SOURCE MATERIAL: Begin

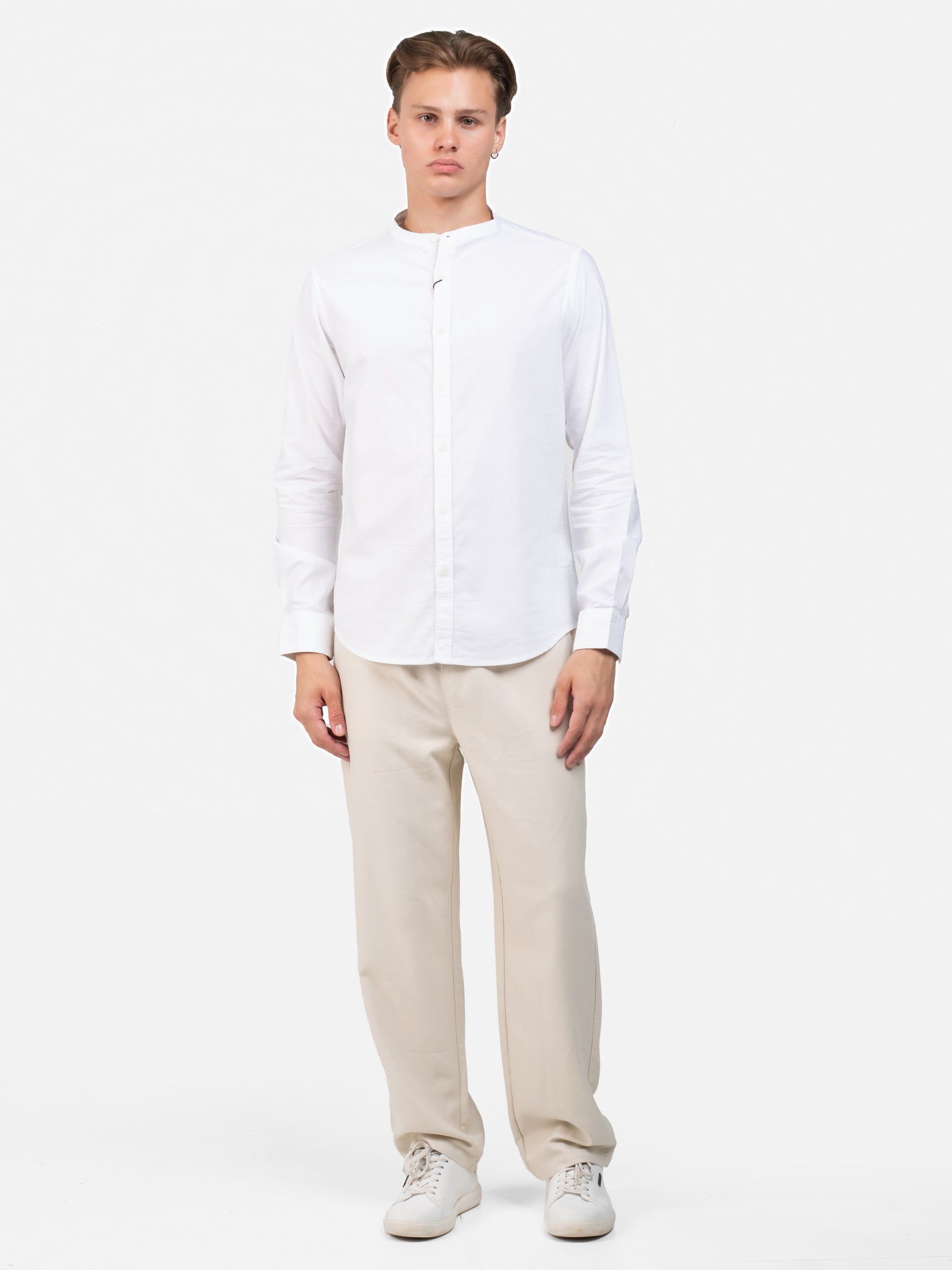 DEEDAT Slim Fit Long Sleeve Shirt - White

SOURCE MATERIAL: End
SOURCE MATERIAL: Begin

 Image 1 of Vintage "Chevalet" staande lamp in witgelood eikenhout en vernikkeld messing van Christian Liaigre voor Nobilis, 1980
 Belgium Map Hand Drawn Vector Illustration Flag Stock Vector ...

SOURCE MATERIAL: End
SOURCE MATERIAL: Begin

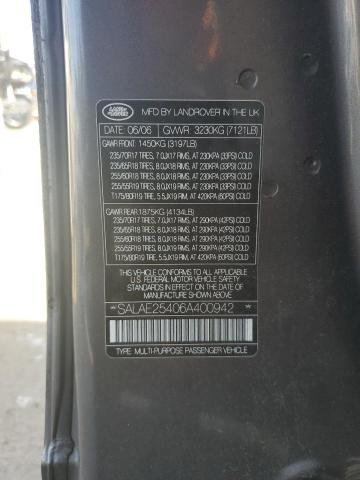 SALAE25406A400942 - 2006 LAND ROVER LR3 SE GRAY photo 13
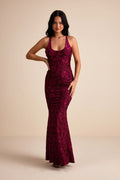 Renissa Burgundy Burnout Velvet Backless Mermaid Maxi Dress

SOURCE MATERIAL: End

▶ _ACTIVITY_: When you reach the line with "SALAE25406A400942 - 2006" in the records above, start writing out each line exactly, and stop after the line with "Renissa Burgundy Burnout". Pictures stay out.

▶ _REPLY_:
 SALAE25406A400942 - 2006 LAND ROVER LR3 SE GRAY photo 13
 Renissa Burgundy Burnout Velvet Backless Mermaid Maxi Dress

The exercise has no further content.